Start of Block

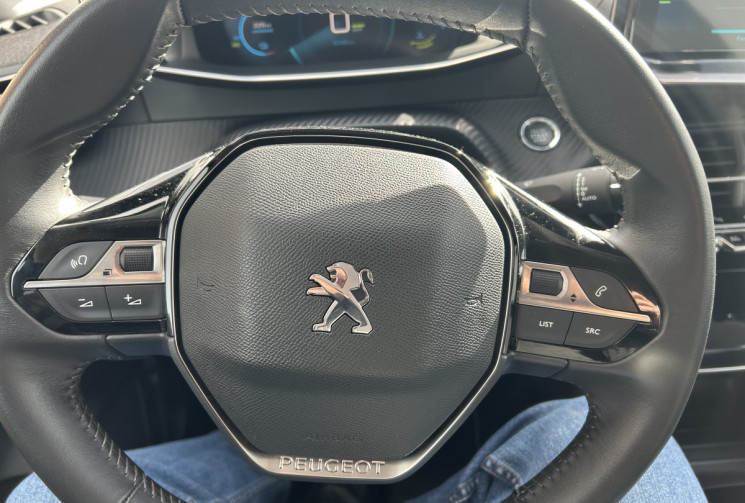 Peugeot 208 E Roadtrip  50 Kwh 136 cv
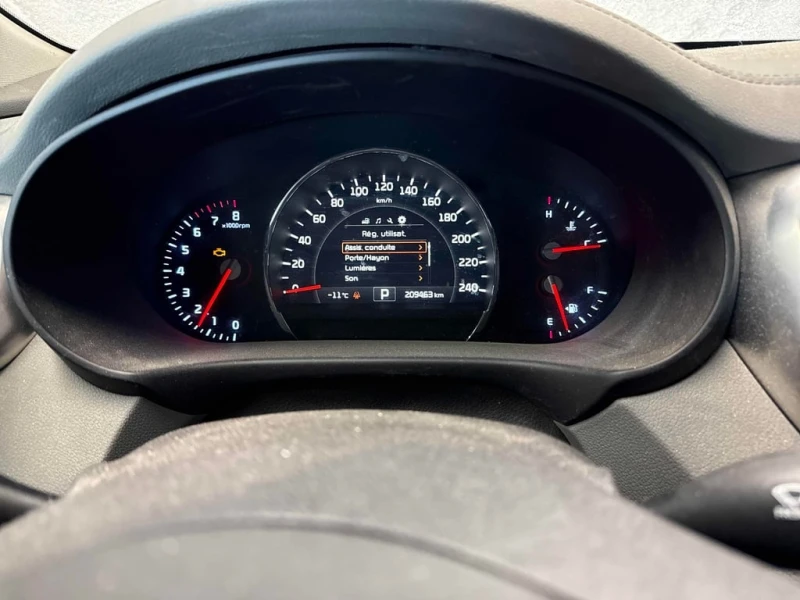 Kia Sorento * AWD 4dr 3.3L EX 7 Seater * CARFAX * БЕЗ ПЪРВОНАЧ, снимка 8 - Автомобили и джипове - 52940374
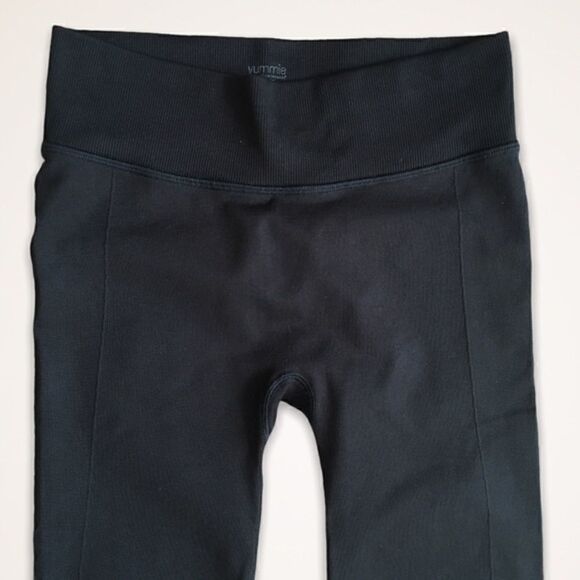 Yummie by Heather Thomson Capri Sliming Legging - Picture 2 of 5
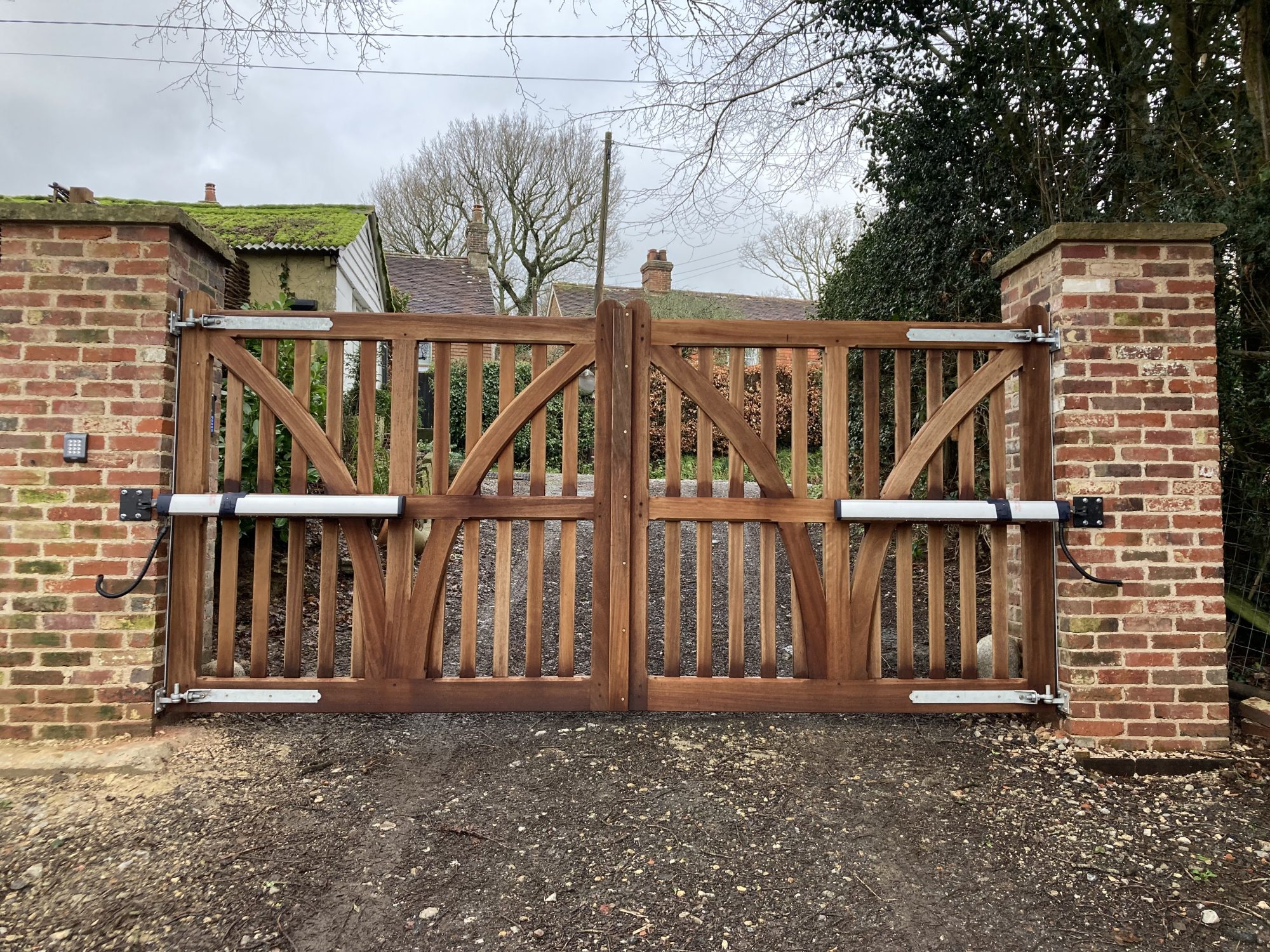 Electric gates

End of Block
Start of Block

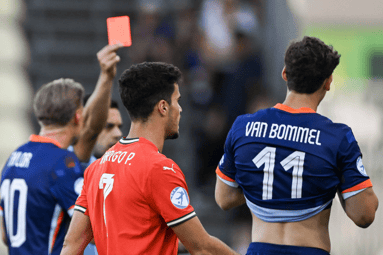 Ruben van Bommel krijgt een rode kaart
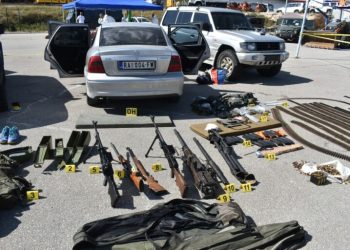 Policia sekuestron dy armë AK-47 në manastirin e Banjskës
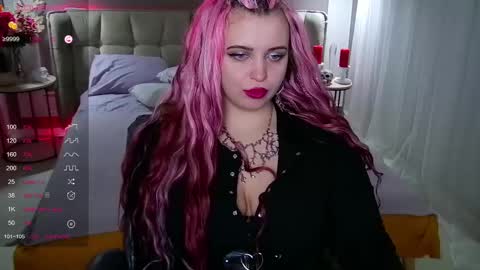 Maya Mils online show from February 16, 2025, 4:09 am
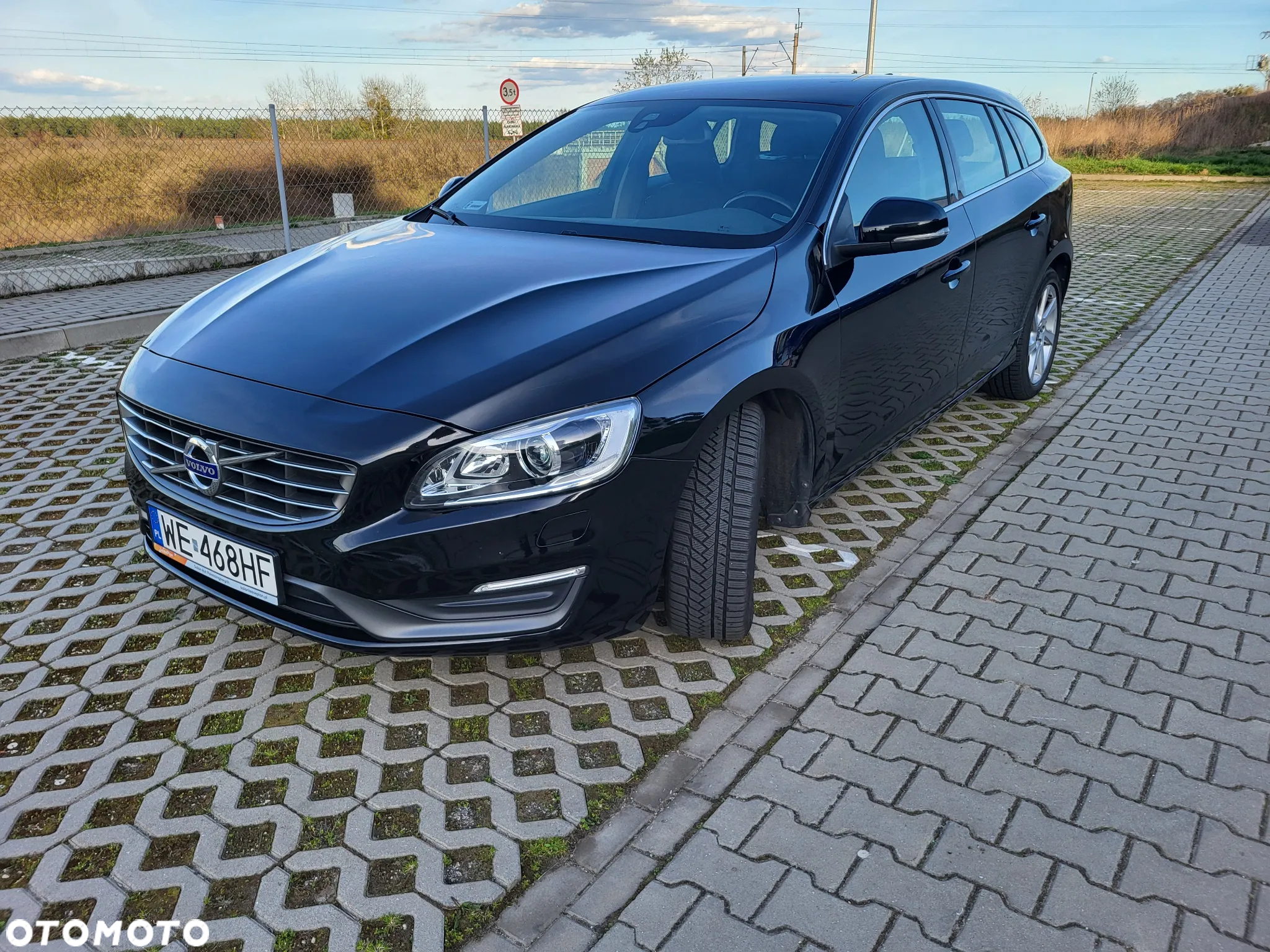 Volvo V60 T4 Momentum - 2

End of Block

With the pictures removed, print only the lines starting at the line that has "Peugeot 208 E" and ending at the line that has "Electric gates", both ends included, exactly as they stand above.

**YOUR RESPONSE:**
 Peugeot 208 E Roadtrip  50 Kwh 136 cv
 Kia Sorento * AWD 4dr 3.3L EX 7 Seater * CARFAX * БЕЗ ПЪРВОНАЧ, снимка 8 - Автомобили и джипове - 52940374
 Yummie by Heather Thomson Capri Sliming Legging - Picture 2 of 5
 Electric gates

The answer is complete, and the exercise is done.